On August 16, the OCC published a notice that describes the reports and information the OCC proposes to collect to implement the Dodd-Frank Act’s annual stress tests for banks with consolidated assets of $50 billion or more. The information that the OCC proposes to collect includes documentation regarding income statements, balance sheets, capital statements, retail projections, securities, trading risk, counterparty credit risk, operational risk, and pre-provision net revenue. The OCC proposed rules to implement the stress tests earlier this year. A separate notice regarding reports for institutions with consolidated assets between $10 billion and $50 billion will be published at a later date. The OCC is accepting comments on the instant notice through October 15, 2012.
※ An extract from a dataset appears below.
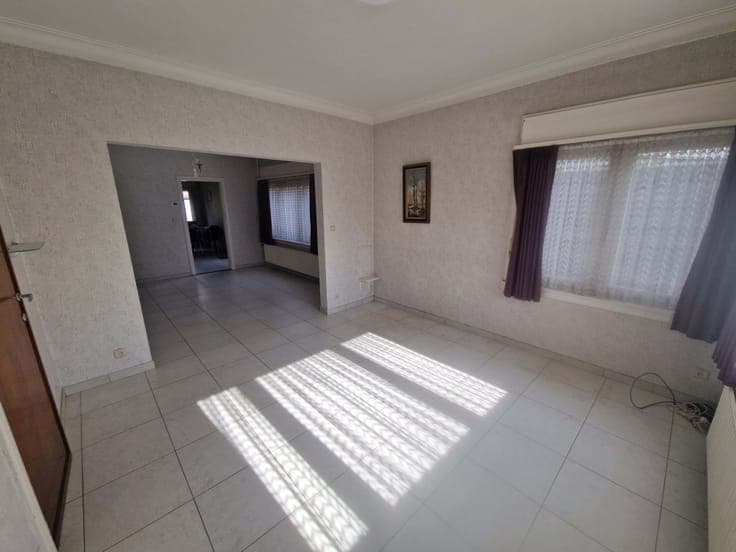 SEMI-DETACHED HOUSE WITH GREAT POTENTIAL AND AMPLE PARKING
On August 8, the Federal Reserve Board, the FDIC, and the OCC announced an extension of the comment period for three proposed regulatory capital rules. The proposed rules were announced in June with a comment period closing September 7, 2012. The regulators are now giving interested parties until October 22, 2012 to submit comments.
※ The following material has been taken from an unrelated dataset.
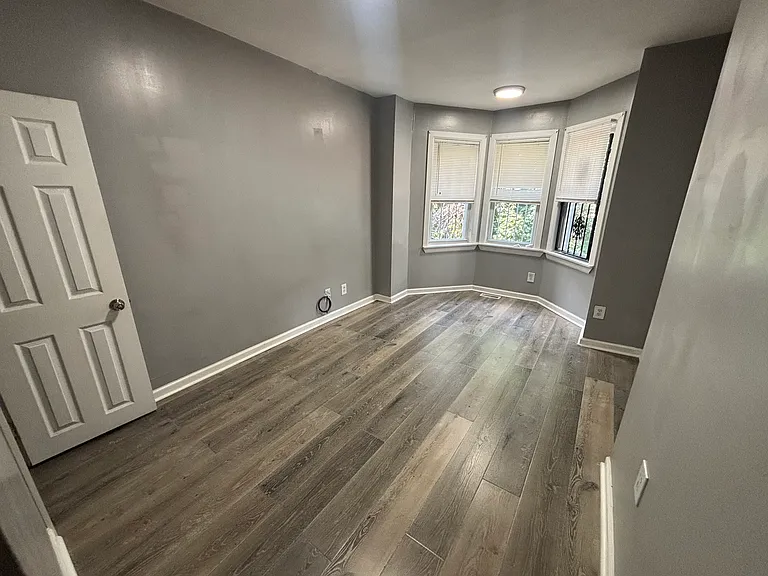 1717 Fontain St — Photo 15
On July 30, the NCUA proposed a rule that would alter the emergency liquidity requirements applicable to all federally-insured credit unions. For those credit unions with assets of $10 million or more, the rule would require a contingency funding plan with strategies for addressing liquidity under an emergency scenario. The rule would require institutions with assets of $100 million or more to have access to backup federal liquidity. Institutions with less than $10 million in assets would have to establish a board-approved framework for managing liquidity under emergency circumstances, including a list of contingent liquidity sources. The proposal reminds credit unions that their access to the Central Liquidity Facility is expected to close in October 2012. Comments on the proposal are due by September 28, 2012.
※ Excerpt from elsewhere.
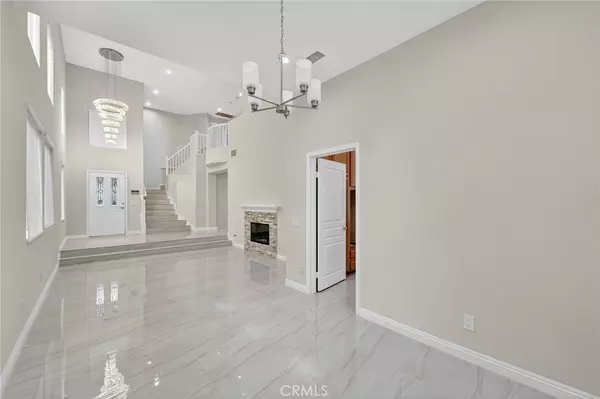 Porter Ranch, CA 91326,12350 Yew CT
On July 24, the FDIC published a final rule that prohibits any insured savings association from acquiring or retaining a corporate debt security unless the association first determines that the issuer has adequate capacity to meet its obligations through the projected life of the security. An issuer would satisfy this requirement if it presents a low risk of default and is likely to make a full and timely repayment of principal and interest. The final rule is largely identical to the rule as proposed, but makes one change to clarify the rule and harmonize it with parallel OCC regulations. In conjunction with the final rule, the FDIC also finalized guidance meant to assist savings associations in conducting due diligence to determine whether a security is eligible under the final rule. The finalized guidance is substantially similar to the proposed version. The final rule took effect July 21, 2012.